ロールモデル

ロールモデルという言葉が適切かどうか分からないけれど、「人としてこうありたい」という意味で、もう何年も前から、ずっと憧れている人がいる。

でもそれは、キャリア・仕事におけるロールモデルとは違う、もっと純粋に人として「こういう人格で、こういう生き方の人って憧れる」という、どこかぼんやりとした憧れの感情だった。

 

5年前、香港で働いていた当時の同僚(中国系アメリカ人女性)は、今でも私の心の中にいて、「こういう時、彼女だったらどのように振舞っているだろう」って思いだすことがある。

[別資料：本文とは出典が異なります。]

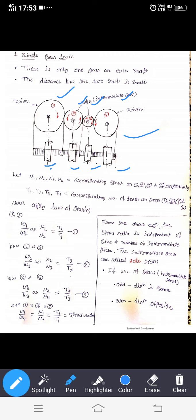If the number of gears between driver and driven is even, we get the opposite direction of motion. If the number of intermediate gears is odd, the direction of motion is the same — meaning if the driver is clockwise, then the driven is also clockwise.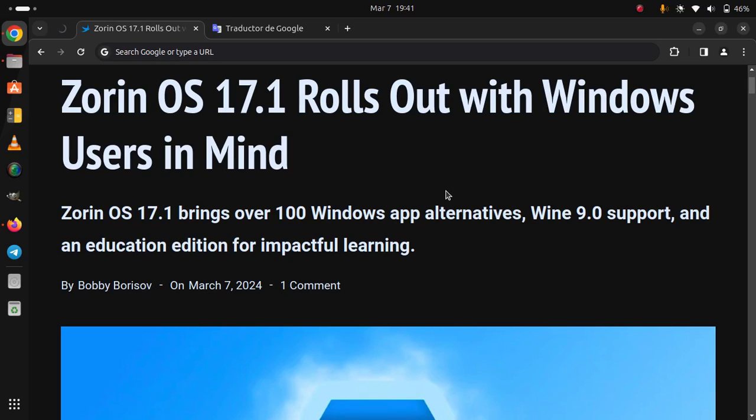Zorin OS 17.1 rolls out with Windows users in mind. Zorin OS 17.1 brings over 100 Windows app alternatives, Wine 9.0 support, and an education edition for impactful learning.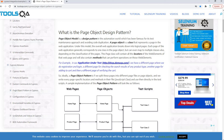Page Object Model is a design pattern in the automation world which has been famous for its test maintaining approach and avoiding duplication. A page object is a class that represents a page in the web application. Under this model, the overall web application breaks down into logical pages. Each page generally corresponds to one class, but can even map to multiple classes depending on classification. This page class will contain all the locators of the web elements needed for your test purpose, and will also contain methods so you can perform operations on those web elements.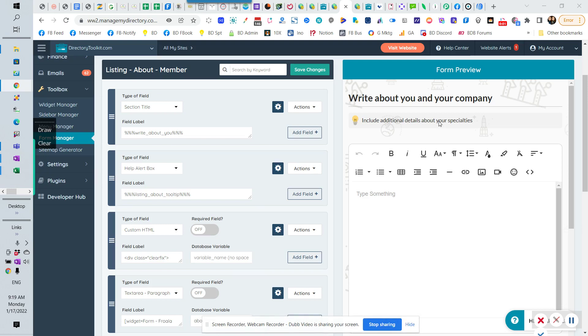All right, today's video is going over how to select different Froala editors per membership level or per form. Let's go over the options in the form first, then we'll talk about the membership levels.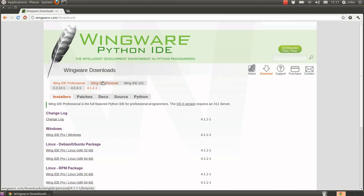The first two are paid for versions and the final one the 101 version is free so that's the one we're going to go with.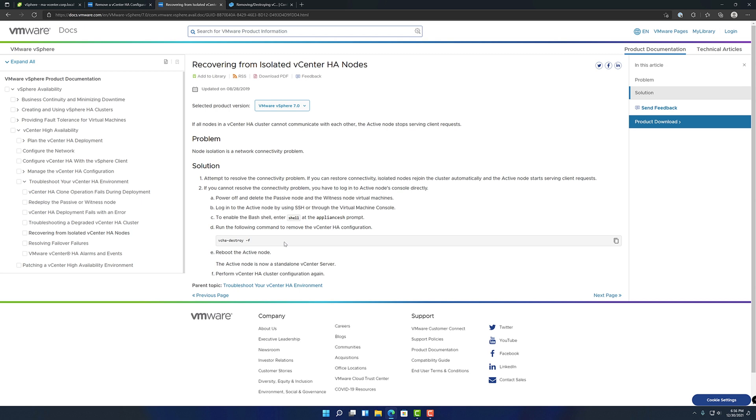There is another article that is right here, very straightforward, which is recovering from isolated vCenter HA nodes, which has that same command I mentioned earlier where you could just destroy the vCHA and it'll get rid of the configuration once you reboot.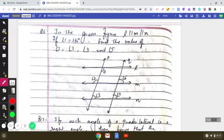I hope you have solved the assignment which I gave to you on the chapter parallel lines. Today I am going to discuss another three important questions which were given in the assignment. So let us discuss question number six.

彼女は、学部もアイビーリーグ出身で、MBAもみんなが羨ましがるようなトップ校を出ていた。輝かしいキャリア・経歴で、旦那さんも本当に素敵な人で、私が羨ましいと思うもの全てを持っていた。それでいて、何一つひけらかしたり、鼻にかけたりするような部分がなく、誰にでも分け隔てなく接する人柄だったから、本当に多くの人から信頼を集めていた。

そんな彼女だったから、もうずっと何年も心の中で憧れていた。

今なら分かる。一番努力が必要な部分は、部下や後輩、経営陣から信頼を勝ち得るようなヒューマンスキルであったり、「人として魅力的」と周囲から思ってもらえるような人間性だったりする。周りから見ても誰もが羨ましいと思うパートナーシップとかも、きっと本当に努力の賜物なのだと、今なら思う。

 

最近つくづく感じることは、ハードスキル(ファイナンス、プログラミングの技術など)や地頭の良さ、英語力の高低などの「個人としての優秀さ」で他人と競い合って、それだけで周囲から高評価を得られるのって、せいぜい20代までだということ。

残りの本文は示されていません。